A word-for-word transcript of every entry is required.

Short descriptive text snippets:
== Segment start ==

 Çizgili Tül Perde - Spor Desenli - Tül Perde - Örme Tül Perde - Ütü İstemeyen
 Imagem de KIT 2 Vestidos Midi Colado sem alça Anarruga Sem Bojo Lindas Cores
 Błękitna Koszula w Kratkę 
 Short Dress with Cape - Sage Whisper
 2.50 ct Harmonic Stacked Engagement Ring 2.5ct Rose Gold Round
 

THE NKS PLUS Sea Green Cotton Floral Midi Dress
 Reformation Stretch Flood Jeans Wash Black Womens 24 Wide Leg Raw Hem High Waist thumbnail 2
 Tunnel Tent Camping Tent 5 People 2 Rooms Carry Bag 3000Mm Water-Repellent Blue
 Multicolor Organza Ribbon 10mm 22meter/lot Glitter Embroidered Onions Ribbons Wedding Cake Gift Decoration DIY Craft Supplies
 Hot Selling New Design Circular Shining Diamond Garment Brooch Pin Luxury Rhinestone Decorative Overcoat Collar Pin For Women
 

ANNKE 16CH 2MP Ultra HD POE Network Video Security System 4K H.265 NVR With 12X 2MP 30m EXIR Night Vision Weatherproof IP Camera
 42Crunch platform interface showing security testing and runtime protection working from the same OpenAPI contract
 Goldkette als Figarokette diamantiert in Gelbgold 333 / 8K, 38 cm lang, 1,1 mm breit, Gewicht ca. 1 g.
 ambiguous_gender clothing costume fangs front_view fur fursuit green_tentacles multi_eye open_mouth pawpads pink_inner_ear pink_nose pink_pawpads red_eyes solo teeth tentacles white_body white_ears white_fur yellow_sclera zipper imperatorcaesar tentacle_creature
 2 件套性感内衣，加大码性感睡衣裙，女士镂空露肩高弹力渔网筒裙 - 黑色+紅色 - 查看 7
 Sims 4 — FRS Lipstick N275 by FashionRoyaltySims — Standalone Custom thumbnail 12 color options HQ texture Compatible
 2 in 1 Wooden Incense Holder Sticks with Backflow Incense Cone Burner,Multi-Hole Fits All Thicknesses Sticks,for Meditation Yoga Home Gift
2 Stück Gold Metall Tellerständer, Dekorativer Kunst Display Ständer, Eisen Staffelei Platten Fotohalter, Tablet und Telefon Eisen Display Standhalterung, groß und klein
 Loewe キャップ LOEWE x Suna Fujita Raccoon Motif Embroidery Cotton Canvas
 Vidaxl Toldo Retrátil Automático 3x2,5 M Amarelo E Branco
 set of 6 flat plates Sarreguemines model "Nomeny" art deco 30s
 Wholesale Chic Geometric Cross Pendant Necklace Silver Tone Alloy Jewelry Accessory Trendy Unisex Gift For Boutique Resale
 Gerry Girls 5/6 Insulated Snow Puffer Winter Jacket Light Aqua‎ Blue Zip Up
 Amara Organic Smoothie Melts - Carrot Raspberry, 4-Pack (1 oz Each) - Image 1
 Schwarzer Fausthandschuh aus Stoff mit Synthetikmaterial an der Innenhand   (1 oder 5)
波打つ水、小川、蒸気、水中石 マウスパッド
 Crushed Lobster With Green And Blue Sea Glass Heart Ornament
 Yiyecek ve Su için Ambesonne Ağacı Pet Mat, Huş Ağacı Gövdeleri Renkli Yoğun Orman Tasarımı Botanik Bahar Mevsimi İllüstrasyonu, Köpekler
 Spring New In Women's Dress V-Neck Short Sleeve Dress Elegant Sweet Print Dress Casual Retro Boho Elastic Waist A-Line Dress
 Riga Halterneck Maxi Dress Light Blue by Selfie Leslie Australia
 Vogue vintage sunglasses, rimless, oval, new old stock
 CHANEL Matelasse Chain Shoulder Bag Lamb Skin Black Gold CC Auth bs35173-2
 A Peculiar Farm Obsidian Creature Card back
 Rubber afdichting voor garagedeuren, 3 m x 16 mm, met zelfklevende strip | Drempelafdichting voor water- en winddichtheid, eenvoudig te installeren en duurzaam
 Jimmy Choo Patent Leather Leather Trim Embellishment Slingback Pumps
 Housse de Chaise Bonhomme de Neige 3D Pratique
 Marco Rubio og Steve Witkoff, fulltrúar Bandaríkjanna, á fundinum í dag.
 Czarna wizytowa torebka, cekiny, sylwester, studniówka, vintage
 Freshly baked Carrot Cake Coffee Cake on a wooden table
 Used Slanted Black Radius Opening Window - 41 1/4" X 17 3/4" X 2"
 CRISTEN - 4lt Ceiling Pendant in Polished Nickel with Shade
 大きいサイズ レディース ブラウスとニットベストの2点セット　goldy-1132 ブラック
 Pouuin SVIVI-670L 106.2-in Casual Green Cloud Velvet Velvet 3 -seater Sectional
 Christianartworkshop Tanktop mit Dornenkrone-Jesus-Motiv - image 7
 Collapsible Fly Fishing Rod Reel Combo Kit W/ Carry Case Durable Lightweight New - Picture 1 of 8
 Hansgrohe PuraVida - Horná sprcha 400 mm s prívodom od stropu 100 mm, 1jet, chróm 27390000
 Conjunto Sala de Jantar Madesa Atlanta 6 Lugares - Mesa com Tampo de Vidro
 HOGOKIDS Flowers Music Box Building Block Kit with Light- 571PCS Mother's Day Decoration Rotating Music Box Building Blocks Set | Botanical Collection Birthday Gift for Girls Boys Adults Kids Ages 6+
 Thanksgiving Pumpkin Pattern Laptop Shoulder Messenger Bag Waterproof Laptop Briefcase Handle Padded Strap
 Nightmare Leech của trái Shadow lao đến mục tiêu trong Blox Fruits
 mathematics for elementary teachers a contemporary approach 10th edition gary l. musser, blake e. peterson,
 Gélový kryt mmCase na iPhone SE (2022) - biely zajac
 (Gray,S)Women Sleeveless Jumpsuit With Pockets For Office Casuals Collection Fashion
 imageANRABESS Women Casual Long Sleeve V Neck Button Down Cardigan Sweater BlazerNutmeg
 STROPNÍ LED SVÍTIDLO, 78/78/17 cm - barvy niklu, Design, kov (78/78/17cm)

== Segment end ==

Solution below:
 Çizgili Tül Perde - Spor Desenli - Tül Perde - Örme Tül Perde - Ütü İstemeyen
 Imagem de KIT 2 Vestidos Midi Colado sem alça Anarruga Sem Bojo Lindas Cores
 Błękitna Koszula w Kratkę 
 Short Dress with Cape - Sage Whisper
 2.50 ct Harmonic Stacked Engagement Ring 2.5ct Rose Gold Round
 

THE NKS PLUS Sea Green Cotton Floral Midi Dress
 Reformation Stretch Flood Jeans Wash Black Womens 24 Wide Leg Raw Hem High Waist thumbnail 2
 Tunnel Tent Camping Tent 5 People 2 Rooms Carry Bag 3000Mm Water-Repellent Blue
 Multicolor Organza Ribbon 10mm 22meter/lot Glitter Embroidered Onions Ribbons Wedding Cake Gift Decoration DIY Craft Supplies
 Hot Selling New Design Circular Shining Diamond Garment Brooch Pin Luxury Rhinestone Decorative Overcoat Collar Pin For Women
 

ANNKE 16CH 2MP Ultra HD POE Network Video Security System 4K H.265 NVR With 12X 2MP 30m EXIR Night Vision Weatherproof IP Camera
 42Crunch platform interface showing security testing and runtime protection working from the same OpenAPI contract
 Goldkette als Figarokette diamantiert in Gelbgold 333 / 8K, 38 cm lang, 1,1 mm breit, Gewicht ca. 1 g.
 ambiguous_gender clothing costume fangs front_view fur fursuit green_tentacles multi_eye open_mouth pawpads pink_inner_ear pink_nose pink_pawpads red_eyes solo teeth tentacles white_body white_ears white_fur yellow_sclera zipper imperatorcaesar tentacle_creature
 2 件套性感内衣，加大码性感睡衣裙，女士镂空露肩高弹力渔网筒裙 - 黑色+紅色 - 查看 7
 Sims 4 — FRS Lipstick N275 by FashionRoyaltySims — Standalone Custom thumbnail 12 color options HQ texture Compatible
 2 in 1 Wooden Incense Holder Sticks with Backflow Incense Cone Burner,Multi-Hole Fits All Thicknesses Sticks,for Meditation Yoga Home Gift
2 Stück Gold Metall Tellerständer, Dekorativer Kunst Display Ständer, Eisen Staffelei Platten Fotohalter, Tablet und Telefon Eisen Display Standhalterung, groß und klein
 Loewe キャップ LOEWE x Suna Fujita Raccoon Motif Embroidery Cotton Canvas
 Vidaxl Toldo Retrátil Automático 3x2,5 M Amarelo E Branco
 set of 6 flat plates Sarreguemines model "Nomeny" art deco 30s
 Wholesale Chic Geometric Cross Pendant Necklace Silver Tone Alloy Jewelry Accessory Trendy Unisex Gift For Boutique Resale
 Gerry Girls 5/6 Insulated Snow Puffer Winter Jacket Light Aqua‎ Blue Zip Up
 Amara Organic Smoothie Melts - Carrot Raspberry, 4-Pack (1 oz Each) - Image 1
 Schwarzer Fausthandschuh aus Stoff mit Synthetikmaterial an der Innenhand   (1 oder 5)
波打つ水、小川、蒸気、水中石 マウスパッド
 Crushed Lobster With Green And Blue Sea Glass Heart Ornament
 Yiyecek ve Su için Ambesonne Ağacı Pet Mat, Huş Ağacı Gövdeleri Renkli Yoğun Orman Tasarımı Botanik Bahar Mevsimi İllüstrasyonu, Köpekler
 Spring New In Women's Dress V-Neck Short Sleeve Dress Elegant Sweet Print Dress Casual Retro Boho Elastic Waist A-Line Dress
 Riga Halterneck Maxi Dress Light Blue by Selfie Leslie Australia
 Vogue vintage sunglasses, rimless, oval, new old stock
 CHANEL Matelasse Chain Shoulder Bag Lamb Skin Black Gold CC Auth bs35173-2
 A Peculiar Farm Obsidian Creature Card back
 Rubber afdichting voor garagedeuren, 3 m x 16 mm, met zelfklevende strip | Drempelafdichting voor water- en winddichtheid, eenvoudig te installeren en duurzaam
 Jimmy Choo Patent Leather Leather Trim Embellishment Slingback Pumps
 Housse de Chaise Bonhomme de Neige 3D Pratique
 Marco Rubio og Steve Witkoff, fulltrúar Bandaríkjanna, á fundinum í dag.
 Czarna wizytowa torebka, cekiny, sylwester, studniówka, vintage
 Freshly baked Carrot Cake Coffee Cake on a wooden table
 Used Slanted Black Radius Opening Window - 41 1/4" X 17 3/4" X 2"
 CRISTEN - 4lt Ceiling Pendant in Polished Nickel with Shade
 大きいサイズ レディース ブラウスとニットベストの2点セット　goldy-1132 ブラック
 Pouuin SVIVI-670L 106.2-in Casual Green Cloud Velvet Velvet 3 -seater Sectional
 Christianartworkshop Tanktop mit Dornenkrone-Jesus-Motiv - image 7
 Collapsible Fly Fishing Rod Reel Combo Kit W/ Carry Case Durable Lightweight New - Picture 1 of 8
 Hansgrohe PuraVida - Horná sprcha 400 mm s prívodom od stropu 100 mm, 1jet, chróm 27390000
 Conjunto Sala de Jantar Madesa Atlanta 6 Lugares - Mesa com Tampo de Vidro
 HOGOKIDS Flowers Music Box Building Block Kit with Light- 571PCS Mother's Day Decoration Rotating Music Box Building Blocks Set | Botanical Collection Birthday Gift for Girls Boys Adults Kids Ages 6+
 Thanksgiving Pumpkin Pattern Laptop Shoulder Messenger Bag Waterproof Laptop Briefcase Handle Padded Strap
 Nightmare Leech của trái Shadow lao đến mục tiêu trong Blox Fruits
 mathematics for elementary teachers a contemporary approach 10th edition gary l. musser, blake e. peterson,
 Gélový kryt mmCase na iPhone SE (2022) - biely zajac
 (Gray,S)Women Sleeveless Jumpsuit With Pockets For Office Casuals Collection Fashion
 imageANRABESS Women Casual Long Sleeve V Neck Button Down Cardigan Sweater BlazerNutmeg
 STROPNÍ LED SVÍTIDLO, 78/78/17 cm - barvy niklu, Design, kov (78/78/17cm)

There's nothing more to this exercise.